Let’s drill into these:

#1: Higher Accuracy & More Useful Answers

The first (and most immediately tangible) benefit we see with GraphRAG is higher-quality responses. In addition to a growing number of examples we see from our customers, an increasing number of academic studies also support this. One such example is by data catalog company Data.world. At the end of 2023, they published a study that showed that GraphRAG, on average, improved accuracy of LLM responses by 3x across 43 business questions. The benchmark found evidence of a significant improvement in the accuracy of responses when backed by a knowledge graph.

A knowledge graph improved accuracy of LLM responses by 54.2%, an average of 3x.

More recently and perhaps better known is a series of posts by Microsoft starting in February 2024 with a research blog titled GraphRAG: Unlocking LLM discovery on narrative private data, along with an associated research paper, and software release. Here they observed that baseline RAG (i.e. with vectors) has the two following problems:

  • Baseline RAG struggles to connect the dots. This happens when answering a question requires traversing disparate pieces of information through their shared attributes in order to provide new synthesized insights.
  • Baseline RAG performs poorly when being asked to holistically understand summarized semantic concepts over large data collections or even singular large documents.

Microsoft found that “By using the LLM-generated knowledge graph, GraphRAG vastly improves the ‘retrieval’ portion of RAG, populating the context window with higher relevance content, resulting in better answers and capturing evidence provenance. They also discovered that GraphRAG required between 26% and 97% fewer tokens than alternative approaches, making it not just better at providing answers, but also cheaper and more scalable7.

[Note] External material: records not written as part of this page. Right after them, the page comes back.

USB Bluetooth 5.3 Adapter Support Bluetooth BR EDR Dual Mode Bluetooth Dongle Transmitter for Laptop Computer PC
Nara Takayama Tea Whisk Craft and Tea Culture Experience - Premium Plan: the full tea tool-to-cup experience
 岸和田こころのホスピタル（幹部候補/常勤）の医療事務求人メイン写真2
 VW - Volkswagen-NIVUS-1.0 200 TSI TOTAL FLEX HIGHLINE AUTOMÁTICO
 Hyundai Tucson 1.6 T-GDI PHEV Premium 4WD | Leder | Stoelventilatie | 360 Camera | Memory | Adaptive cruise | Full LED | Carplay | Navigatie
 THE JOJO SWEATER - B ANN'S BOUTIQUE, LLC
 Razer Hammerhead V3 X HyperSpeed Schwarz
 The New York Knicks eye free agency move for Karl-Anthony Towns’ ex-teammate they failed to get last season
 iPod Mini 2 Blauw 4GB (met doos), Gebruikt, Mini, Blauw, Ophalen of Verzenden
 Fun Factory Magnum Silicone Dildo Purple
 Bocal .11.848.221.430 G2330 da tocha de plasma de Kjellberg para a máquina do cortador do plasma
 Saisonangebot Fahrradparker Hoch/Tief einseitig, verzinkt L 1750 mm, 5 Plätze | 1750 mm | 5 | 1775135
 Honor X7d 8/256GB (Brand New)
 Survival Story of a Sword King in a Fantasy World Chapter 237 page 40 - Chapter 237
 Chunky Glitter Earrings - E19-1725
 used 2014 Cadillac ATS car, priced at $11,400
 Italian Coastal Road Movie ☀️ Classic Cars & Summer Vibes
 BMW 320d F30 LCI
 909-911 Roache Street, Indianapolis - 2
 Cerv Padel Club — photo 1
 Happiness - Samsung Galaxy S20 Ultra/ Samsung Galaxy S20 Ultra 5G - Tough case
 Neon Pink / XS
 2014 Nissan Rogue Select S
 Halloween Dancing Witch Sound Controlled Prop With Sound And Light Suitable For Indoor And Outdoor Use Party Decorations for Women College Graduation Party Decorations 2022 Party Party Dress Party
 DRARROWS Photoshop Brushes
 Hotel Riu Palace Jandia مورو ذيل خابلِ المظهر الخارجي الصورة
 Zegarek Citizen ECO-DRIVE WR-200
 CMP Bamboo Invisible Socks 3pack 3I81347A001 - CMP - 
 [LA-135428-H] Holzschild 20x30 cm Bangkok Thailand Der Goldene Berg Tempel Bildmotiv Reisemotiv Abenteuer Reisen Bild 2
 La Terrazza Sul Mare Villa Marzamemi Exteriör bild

Digging deeper into the topic of accuracy, it’s not just whether an answer is correct that’s important; it’s also how useful the answers are. What people have been finding with GraphRAG is that not only are the answers more accurate, but they are also richer, more complete, and more useful. LinkedIn’s recent paper describing the impact of GraphRAG on their customer service application provides an excellent example of this. GraphRAG improves both correctness and richness (and therefore usefulness) for answering customer service questions, reducing median per-issue resolution time by 28.6% for their customer service team8.

A similar example comes from a GenAI workshop taught by Neo4j and with our partners at GCP, AWS, and Microsoft. The sample query below, which targets a collection of SEC filings, provides a good illustration of the kinds of answers that are possible when using vector + GraphRAG vs. those that one obtains when using vector-only RAG:

Vector-only approach vs. vector + graph approach.

Note the difference between describing the characteristics of companies likely to be impacted by a lithium shortage, and listing specific companies that are likely to be. If you are an investor looking to rebalance your portfolio in the face of a change in the market or a company looking to rebalance its supply chain in the face of a natural disaster, having access to the latter and not just the former can be game changing. Here, both answers are accurate. The second one is clearly more useful.

Episode 23 of Going Meta by Jesus Barrasa provides another great example using a legal documents use case, starting with the lexical graph.

Those observing the X-sphere and who are active on LinkedIn will spot new examples coming out regularly from not just the lab but the field. Here, Charles Borderie at Lettria gives an example of vector-only RAG contrasted with GraphRAG, against an LLM-based text-to-graph pipeline that ingests 10,000 financial articles into a knowledge graph:

Retriever-only approach vs. graph retriever approach.

As you can see, not only did the quality of the answer improve markedly with GraphRAG vs. plain RAG, but the answer took one-third fewer tokens.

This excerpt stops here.